Other than that there's a few things that might not feel very natural to python users. Like the naming convention that doesn't follow the PEP8: It's more usual in python to spell method names all lower case with underscores. Bit vectors and arrays are also hardly iterable.

But I guess some of those would require incompatible API change and would be better suited for a pure python wrapper library.

aytey commented 4 years ago

I would guess that the slice arguments are to match what's in SMT-LIB with respect to taking an extract of bit-vector ... that is, in SMT-LIB, you say (_ extract <high> <low>) <bv> (http://smtlib.cs.uiowa.edu/theories-FixedSizeBitVectors.shtml), so Boolector's API has just matched that way of writing it.

mpreiner commented 4 years ago

As @andrewvaughanj said, the slice limits are reversed since it's based on the SMT-LIB semantics of the extract operator. I'm also not very happy with the method names, but I guess we have to stick with it if we don't want to break the Python API.

What would you expect from iterable bit-vectors and arrays?

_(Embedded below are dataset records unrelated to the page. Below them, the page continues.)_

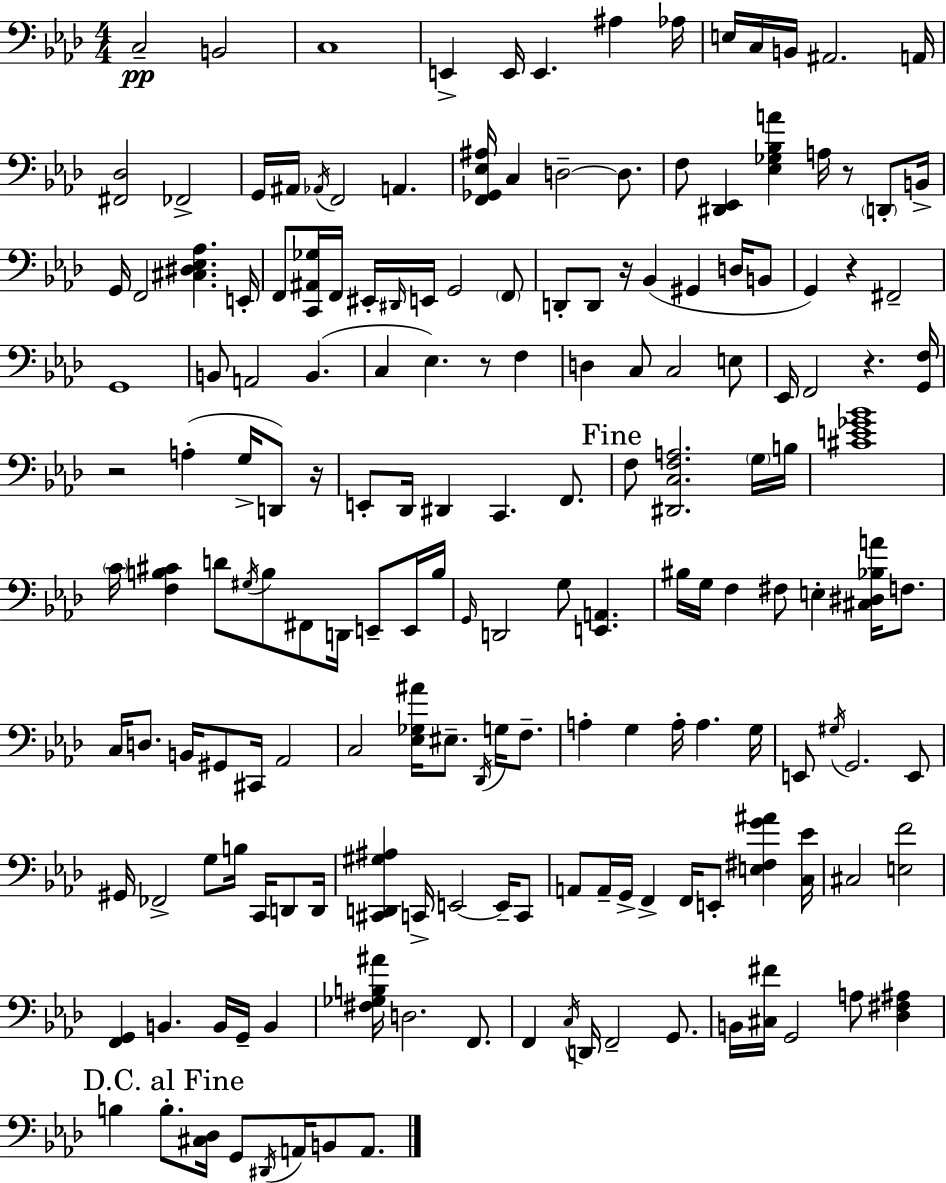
{
  \clef bass
  \numericTimeSignature
  \time 4/4
  \key f \minor
  c2--\pp b,2 | c1 | e,4-> e,16 e,4. ais4 aes16 | e16 c16 b,16 ais,2. a,16 | \break <fis, des>2 fes,2-> | g,16 ais,16 \acciaccatura { aes,16 } f,2 a,4. | <f, ges, ees ais>16 c4 d2--~~ d8. | f8 <dis, ees,>4 <ees ges bes a'>4 a16 r8 \parenthesize d,8-. | \break b,16-> g,16 f,2 <cis dis ees aes>4. | e,16-. f,8 <c, ais, ges>16 f,16 eis,16-. \grace { dis,16 } e,16 g,2 | \parenthesize f,8 d,8-. d,8 r16 bes,4( gis,4 d16 | b,8 g,4) r4 fis,2-- | \break g,1 | b,8 a,2 b,4.( | c4 ees4.) r8 f4 | d4 c8 c2 | \break e8 ees,16 f,2 r4. | <g, f>16 r2 a4-.( g16-> d,8) | r16 e,8-. des,16 dis,4 c,4. f,8. | \mark "Fine" f8 <dis, c f a>2. | \break \parenthesize g16 b16 <cis' e' ges' bes'>1 | \parenthesize c'16 <f b cis'>4 d'8 \acciaccatura { gis16 } b8 fis,8 d,16 e,8-- | e,16 b16 \grace { g,16 } d,2 g8 <e, a,>4. | bis16 g16 f4 fis8 e4-. | \break <cis dis bes a'>16 f8. c16 d8. b,16 gis,8 cis,16 aes,2 | c2 <ees ges ais'>16 eis8.-- | \acciaccatura { des,16 } g16 f8.-- a4-. g4 a16-. a4. | g16 e,8 \acciaccatura { gis16 } g,2. | \break e,8 gis,16 fes,2-> g8 | b16 c,16 d,8 d,16 <cis, d, gis ais>4 c,16-> e,2~~ | e,16-- c,8 a,8 a,16-- g,16-> f,4-> f,16 e,8-. | <e fis g' ais'>4 <c ees'>16 cis2 <e f'>2 | \break <f, g,>4 b,4. | b,16 g,16-- b,4 <fis ges b ais'>16 d2. | f,8. f,4 \acciaccatura { c16 } d,16 f,2-- | g,8. b,16 <cis fis'>16 g,2 | \break a8 <des fis ais>4 \mark "D.C. al Fine" b4 b8.-. <cis des>16 g,8 | \acciaccatura { dis,16 } a,16 b,8 a,8. \bar "|."
} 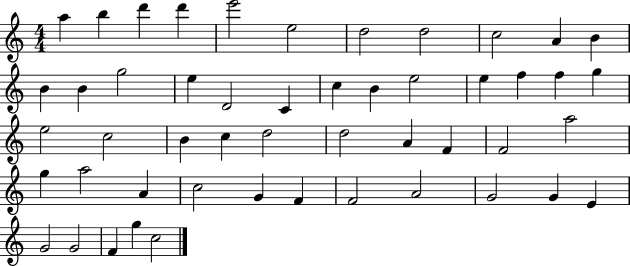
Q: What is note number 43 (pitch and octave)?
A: G4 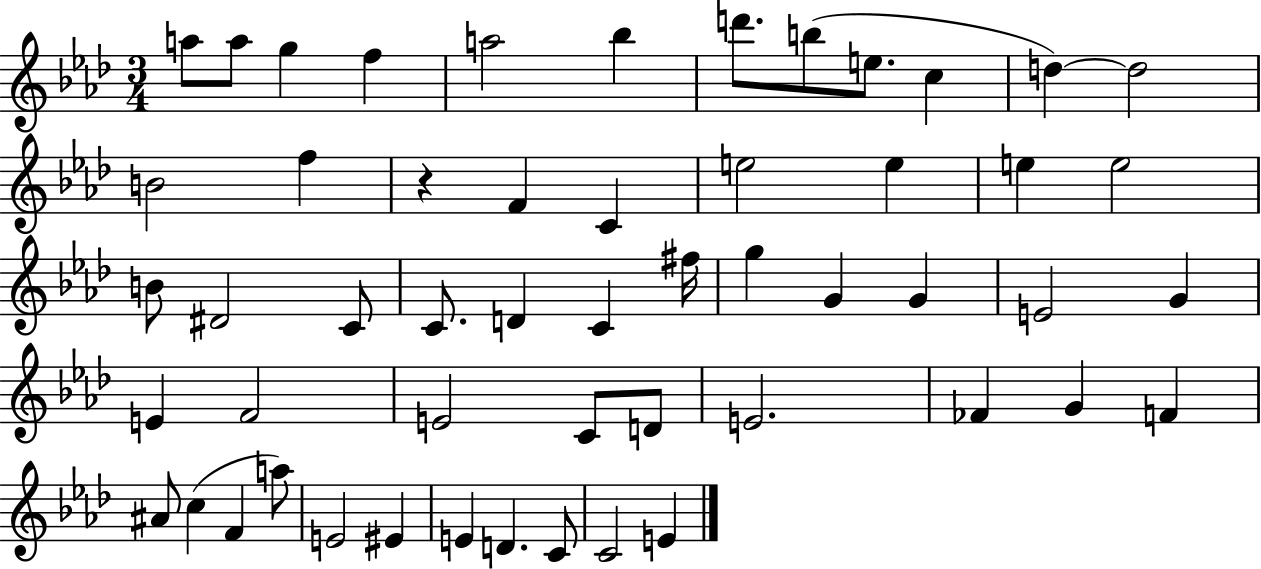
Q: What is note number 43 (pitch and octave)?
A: C5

aytey commented 4 years ago

Aside: as a user, I could tolerate a breaking change, if it made people "happier".

For our usage, Boolector's API is completely abstracted anyway, so one change in Boolector == one change in our API.

Celelibi commented 4 years ago

No doubt that it was made to match to C arguments, which itself match the SMT-LIB definition. But it doesn't have to be that way. The python slice notation is only loosely related to the C API and SMT-LIB. I mean it's understandable that the Slice method has the upper bound first. But the slice notation is not like a direct binding where one might read the documentation for the C API or the SMT-LIB specification and expect the python slice notation to follow it closely. Actually, since there's already a Slice method, what's the point of supporting the slice notation if it's not meant to follow the python conventions?

I know fixing this would break the python API. That's why I'm suggesting that this might go into a higher level wrapper library. (Which I would love to see include more high level stuff like C types or unbounded integers. But that's beside the scope of this issue I guess.)

The goal of iterating bit vectors or arrays is to build a model that does something slightly different to every bit of a bit vector or to every element of an array. I mean, it's not like you can't do:

for i in range(bv.width):
    something(bv[i])

But rather that you can't do:

for bit in bv:
    something(bit)

which is the usual idiom. Not to mention the functions and constructions that work on iterables, like zip, enumerate, map, reduce, comprension lists, the list constructor or the whole itertools module.

But I guess this can be fixed very easily by raising an IndexError exception (or a subclass thereof) when the index is out of bound instead of a generic BoolectorException. Adding a __len__ method is also pretty cheap and might help integrate more nicely with the rest of python.

aniemetz commented 4 years ago

@Celelibi thanks for the feedback!

I'm against changing the order for the slice operator. It's already confusing enough as it is and I'd rather have it be consistent with the SMT-LIB standard (and our C API is). I'd not break the API while we're still at 3.x, but for 4.x we can make major changes in the Python API and will consider your suggestions.

mpreiner commented 4 years ago

The slice is just for convenience since it's shorter to write. Instead of btor.Slice(x, 0, 0) you can just write x[0:0]. Same with arithmetic operations btor.Add(x,y) -> x + y.

mpreiner commented 1 month ago

Boolector is not actively maintained and developed anymore. It was succeeded by Bitwuzla and the repository is now archived.